Tuesday, September 13, 2016

"Unrelenting" - A Book Review

I blogged about George Morris' new book, Unrelenting, in May.  Now that I've read the entire book, I thought I'd give you my two cents.  First of all, the book is long.  Some people may have a hard time getting through it but it would be difficult to shorten given all that he has accomplished.
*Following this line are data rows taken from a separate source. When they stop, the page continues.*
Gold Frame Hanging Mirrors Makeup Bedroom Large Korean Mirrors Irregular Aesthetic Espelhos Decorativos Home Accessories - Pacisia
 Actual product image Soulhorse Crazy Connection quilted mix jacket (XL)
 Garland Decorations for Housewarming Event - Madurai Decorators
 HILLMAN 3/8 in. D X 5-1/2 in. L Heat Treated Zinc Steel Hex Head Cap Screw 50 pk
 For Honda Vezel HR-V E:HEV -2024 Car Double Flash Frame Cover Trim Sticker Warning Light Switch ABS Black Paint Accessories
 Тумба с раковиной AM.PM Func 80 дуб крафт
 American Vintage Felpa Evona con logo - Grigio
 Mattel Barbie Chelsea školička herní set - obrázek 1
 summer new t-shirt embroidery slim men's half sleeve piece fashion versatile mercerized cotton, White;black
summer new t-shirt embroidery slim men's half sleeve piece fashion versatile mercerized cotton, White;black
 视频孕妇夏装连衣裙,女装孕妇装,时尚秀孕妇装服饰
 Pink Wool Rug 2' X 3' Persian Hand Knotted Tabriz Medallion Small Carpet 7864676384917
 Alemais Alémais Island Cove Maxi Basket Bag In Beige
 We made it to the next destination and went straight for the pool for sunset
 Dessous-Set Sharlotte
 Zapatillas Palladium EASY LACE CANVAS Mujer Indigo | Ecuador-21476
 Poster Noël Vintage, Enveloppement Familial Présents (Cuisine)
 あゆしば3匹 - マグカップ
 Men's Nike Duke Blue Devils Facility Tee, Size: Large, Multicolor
It's not that well written, always a pet peeve of mine, since I prefer literary fiction and good writing in all that I read.  This one does not pass that test.  The photos are good and there are many of them which always adds to a book.  The book talks a lot about people in the horse industry, mostly hunters and jumpers, some who are still in the sport, many who have passed away, and others who have moved on to other things.  Nothing gets tended to in any deep way.  It's a surface job more or less, but again, he's had a huge career and the book would be a thousand pages if he really dug deep. 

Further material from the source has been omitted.